*** Opening of Entries shown ***
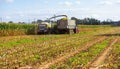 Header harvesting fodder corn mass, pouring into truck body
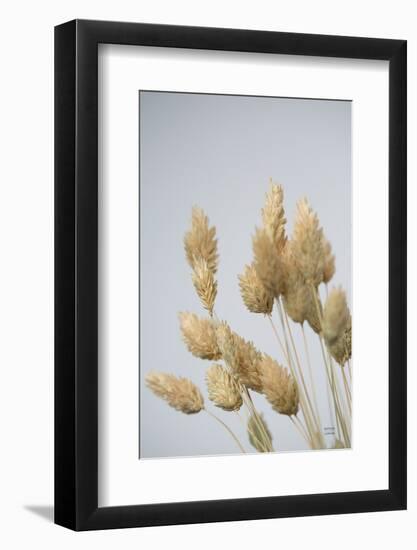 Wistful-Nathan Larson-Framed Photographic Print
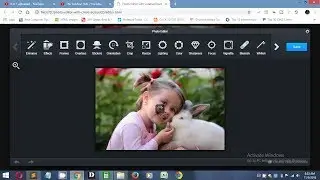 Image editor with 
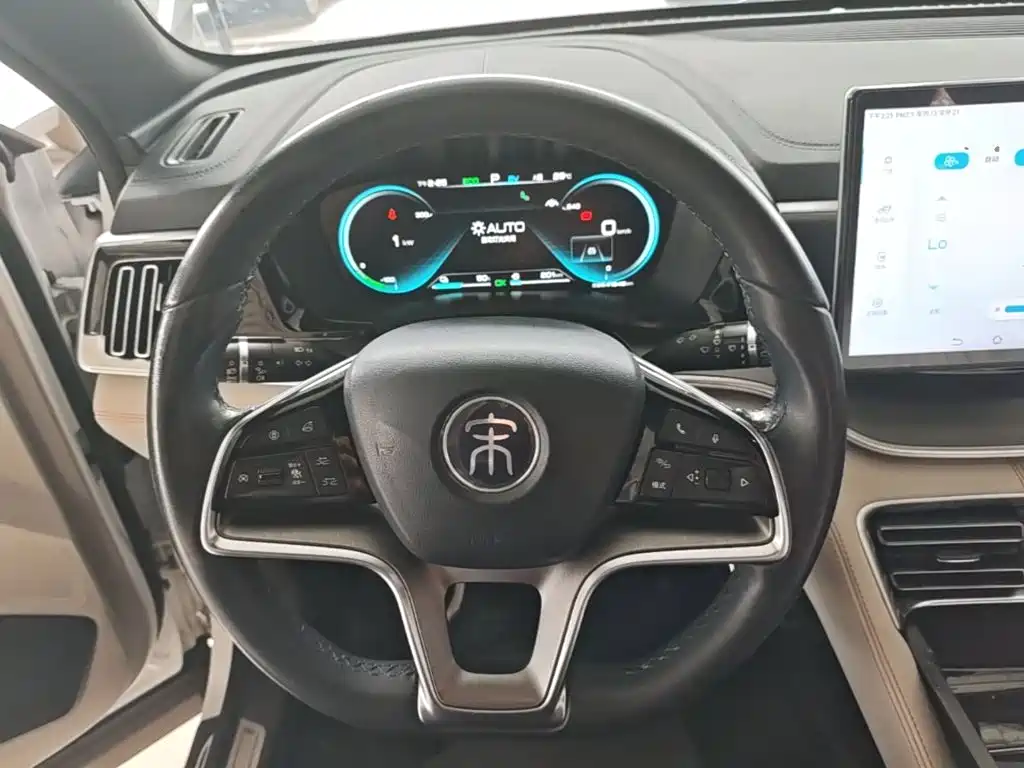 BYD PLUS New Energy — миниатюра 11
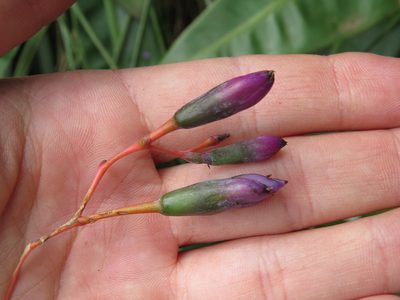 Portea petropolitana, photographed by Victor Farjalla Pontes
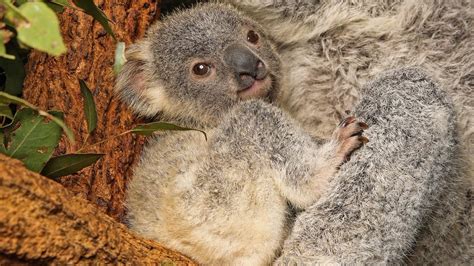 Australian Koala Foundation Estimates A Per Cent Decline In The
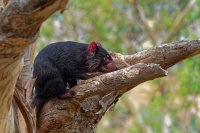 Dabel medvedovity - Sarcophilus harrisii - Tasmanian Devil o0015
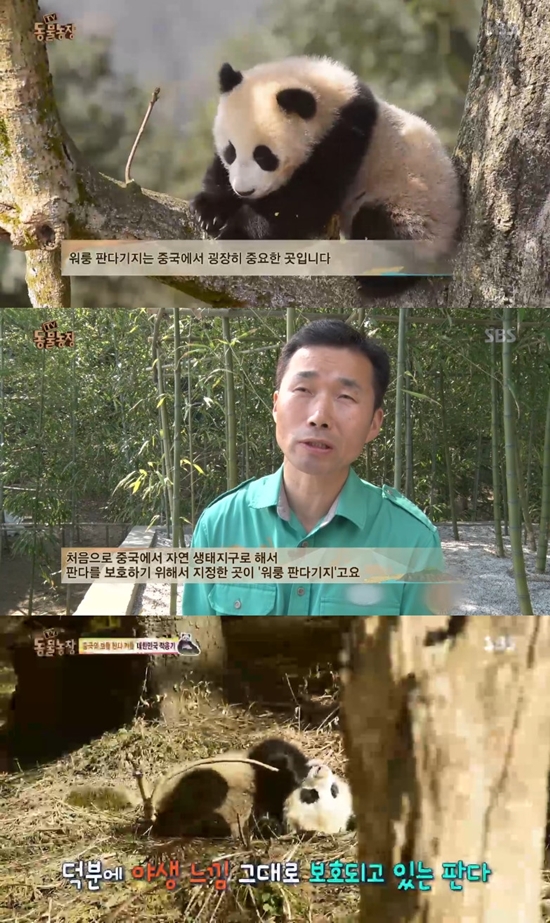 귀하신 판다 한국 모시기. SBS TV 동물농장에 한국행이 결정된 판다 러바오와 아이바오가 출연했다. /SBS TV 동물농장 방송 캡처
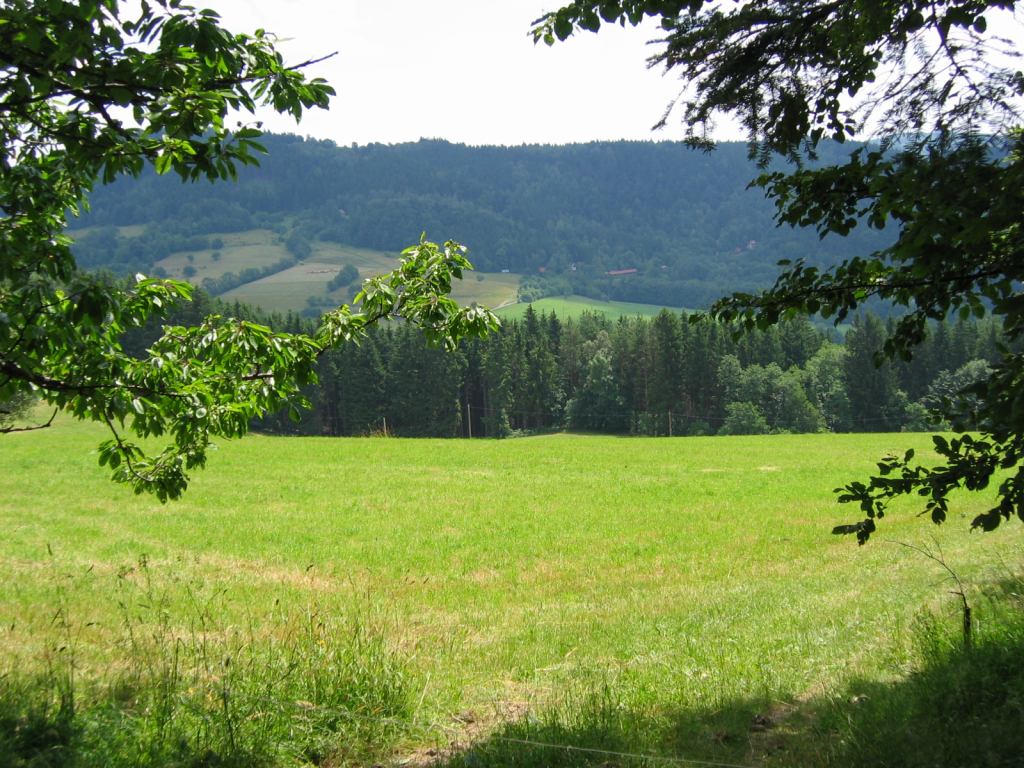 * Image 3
*** Close of Entries shown ***
*** Opening of Entries shown ***
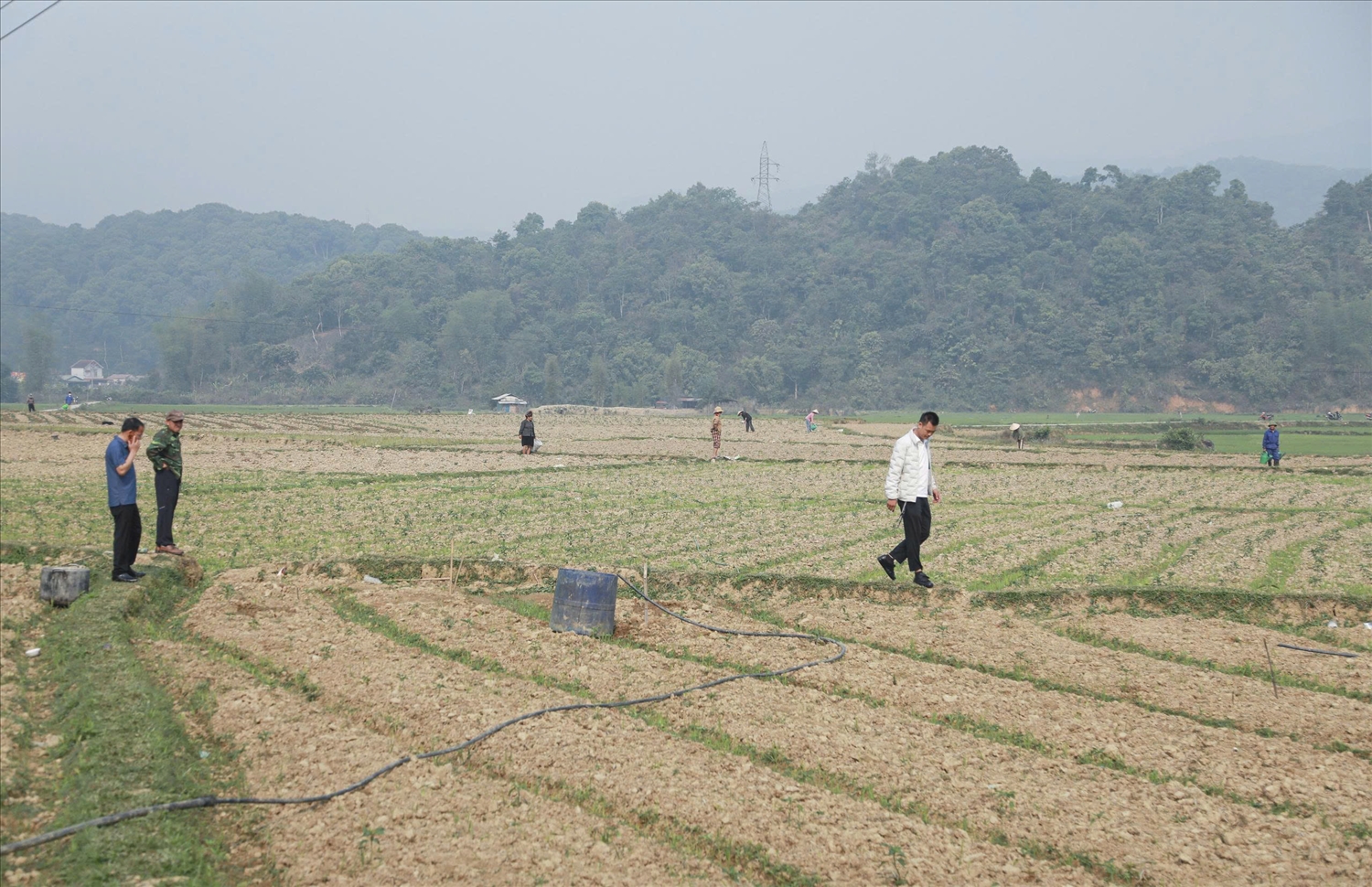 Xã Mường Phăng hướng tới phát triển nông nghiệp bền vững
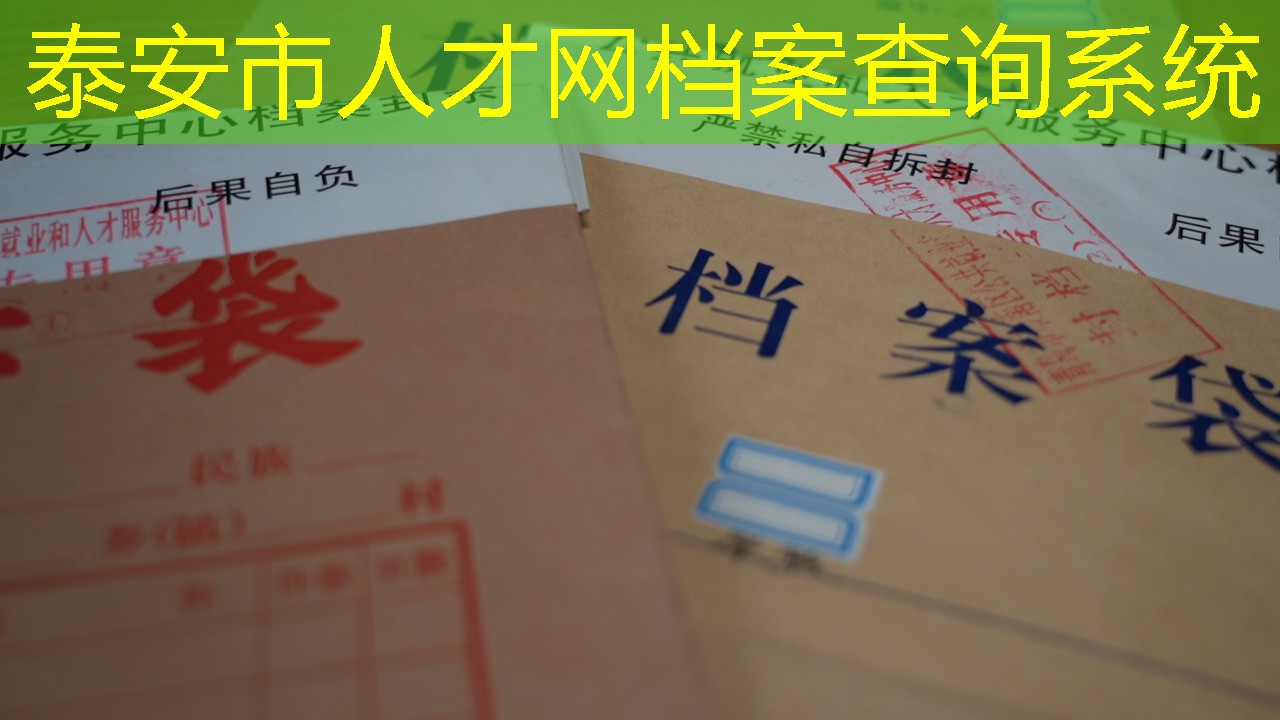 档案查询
*** Close of Entries shown ***
*** Opening of Entries shown ***
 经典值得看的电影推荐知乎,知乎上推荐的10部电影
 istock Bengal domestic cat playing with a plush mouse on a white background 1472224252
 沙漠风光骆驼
*** Close of Entries shown ***
### Work request
Please return the material above only from the line that holds "Header harvesting fodder" through the line that holds "Dabel medvedovity - Sarcophilus", exactly as it stands, ends included and pictures omitted.

### Task result
 Header harvesting fodder corn mass, pouring into truck body
 Wistful-Nathan Larson-Framed Photographic Print
 Image editor with 
 BYD PLUS New Energy — миниатюра 11
 Portea petropolitana, photographed by Victor Farjalla Pontes
 Australian Koala Foundation Estimates A Per Cent Decline In The
 Dabel medvedovity - Sarcophilus harrisii - Tasmanian Devil o0015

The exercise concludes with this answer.